Editors, vous connaissez ?

Aujourd’hui, on vous emmène découvrir le concert du 24 avril passé au Docks, prêts?

20h30-21h10 October Drift et sa mélodie sauvage

C’est avec des lumières sombres et des sons lourds que débute le concert d’October Drift, jeune quartet anglais de rock alternatif. Le groupe entraîne, dès le début du concert, le public dans un voyage mélodieusement sauvage où les instruments montent en puissance rapidement.

Le chanteur, et le guitariste dans un deuxième temps, se mêlent au public pour respectivement chanter et jouer depuis le parterre. Ça va sans dire que le public apprécie cette proximité !

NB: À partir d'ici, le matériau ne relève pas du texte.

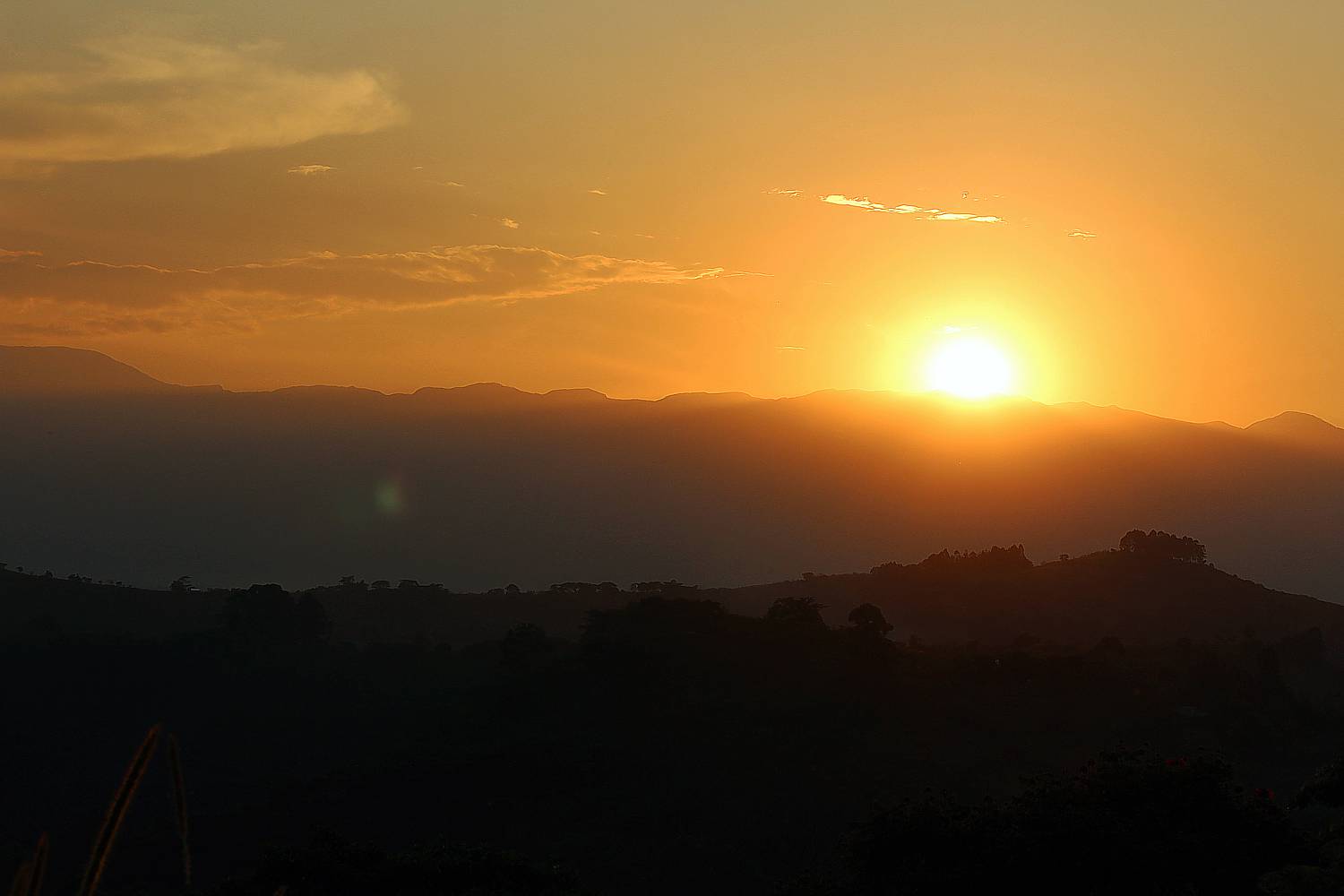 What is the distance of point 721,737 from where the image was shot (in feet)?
203

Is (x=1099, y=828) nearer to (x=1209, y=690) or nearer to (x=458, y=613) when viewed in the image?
(x=1209, y=690)

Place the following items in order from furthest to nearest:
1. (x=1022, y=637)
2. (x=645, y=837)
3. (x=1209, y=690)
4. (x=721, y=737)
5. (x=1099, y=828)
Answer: (x=1022, y=637)
(x=1209, y=690)
(x=721, y=737)
(x=645, y=837)
(x=1099, y=828)

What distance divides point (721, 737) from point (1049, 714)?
20.4 m

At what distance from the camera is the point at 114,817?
523cm

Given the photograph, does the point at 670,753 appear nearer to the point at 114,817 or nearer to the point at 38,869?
the point at 114,817

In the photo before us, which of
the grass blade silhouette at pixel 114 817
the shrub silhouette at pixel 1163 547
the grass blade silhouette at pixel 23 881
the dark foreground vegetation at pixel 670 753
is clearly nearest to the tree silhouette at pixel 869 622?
the dark foreground vegetation at pixel 670 753

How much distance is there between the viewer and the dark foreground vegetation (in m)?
28.5

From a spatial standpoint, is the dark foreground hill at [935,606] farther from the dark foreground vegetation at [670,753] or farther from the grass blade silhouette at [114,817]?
the grass blade silhouette at [114,817]

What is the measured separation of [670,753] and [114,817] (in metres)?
56.5

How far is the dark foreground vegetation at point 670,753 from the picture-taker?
1121 inches

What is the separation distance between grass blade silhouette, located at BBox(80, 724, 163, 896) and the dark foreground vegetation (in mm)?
18054

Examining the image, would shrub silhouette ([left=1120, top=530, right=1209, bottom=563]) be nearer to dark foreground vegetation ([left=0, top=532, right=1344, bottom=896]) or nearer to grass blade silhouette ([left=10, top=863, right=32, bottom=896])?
dark foreground vegetation ([left=0, top=532, right=1344, bottom=896])

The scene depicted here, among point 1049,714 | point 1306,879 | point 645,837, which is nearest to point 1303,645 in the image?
point 1049,714

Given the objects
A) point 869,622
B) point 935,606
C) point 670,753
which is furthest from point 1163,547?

October Drift joue un rock alternatif puissant et riche en adrénaline, où les riffs de guitare, basse et batterie dirigent le jeu en dictant le rythme. Très reconnaissants envers le public, les membres du groupe remercient les gens présents aux Docks à plusieurs reprises.

Leur chanson «Lost» est d’une rare beauté, mélangeant le début intime et à capella du chanteur et l’explosion de riffs qui suit. Chapeau à eux! Un groupe talentueux, à ajouter à votre playlist !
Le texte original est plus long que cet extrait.